John Luther “Casey” Jones was born on March 14, 1863, in Missouri. In 1876, his family moved to Cayce, Kentucky. (This is where his nickname came from.) At the age of 15, he started working as a telegrapher for the Mobile and Ohio Railroad
(M & O) in Columbus, Kentucky. In 1884, he moved to Jackson, Tennessee, where he took a job as a flagman for the M & O. Casey married Mary Joanna “Janie” Brady (the daughter of the owner of the boarding house where he was living) at St. Mary’s Catholic Church in Jackson on November 25, 1886. Casey and his wife bought a house in Jackson. It was located at 211 West Chester Street. The Joneses had three children.
Casey was promoted up through the positions of brakeman and fireman with the M & O. In 1887, a yellow fever epidemic caused the deaths of many of the Illinois Central (I. C.) Railroad’s employees. Casey took a position as a fireman with the I. C. in 1888. On February 23, 1891, he was promoted to engineer. Jones developed a reputation to always “get her there on the advertised.” In fact, he was so punctual that people set their watches by him.
Even before his fateful train wreck, Casey was known as a hero. In his 1939 book, Fred J. Lee describes an 1895 occurrence in which Casey, noticing a group of small children dart in front of the train, leans out on the cowcatcher and pulls a small girl from the train rails to safety.
On April 29, 1900, Casey was at the Poplar Street Station in Memphis, Tennessee.
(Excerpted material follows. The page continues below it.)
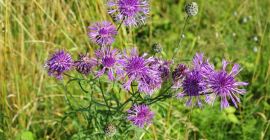 Chaber łąkowy nasiona- zbiór 2024 . Nasiona chaber łąkowy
He had driven the No. 2 from Canton and had agreed to take the No. 1 because the No. 1’s engineer, Sam Tate, had called in sick. With his fireman (Sim Webb) by his side, Casey left Memphis in Engine No. 382. He was 95 minutes behind schedule. Jones was “highballing” (a railroad term meaning he was going extremely fast) toward Mississippi, trying to make up some time. Somewhere near Vaughn, Mississippi, Sim yelled to Casey, “Oh my Lord, there’s something on the main line!” Casey yelled back to Sim for him to jump off the train. Casey stayed on board to slow the train and save the passengers. He reversed the throttle and slammed the brakes for an emergency stop but his train plowed through the wooden caboose and several freight cars of another train. Casey was the only fatality in the wreck that occurred at 3:52 AM on April 30, 1900. At the time of the wreck, he was only 2 minutes behind schedule. Legend says that when his body was removed from the wreckage, his hands still clutched the whistle and the brake.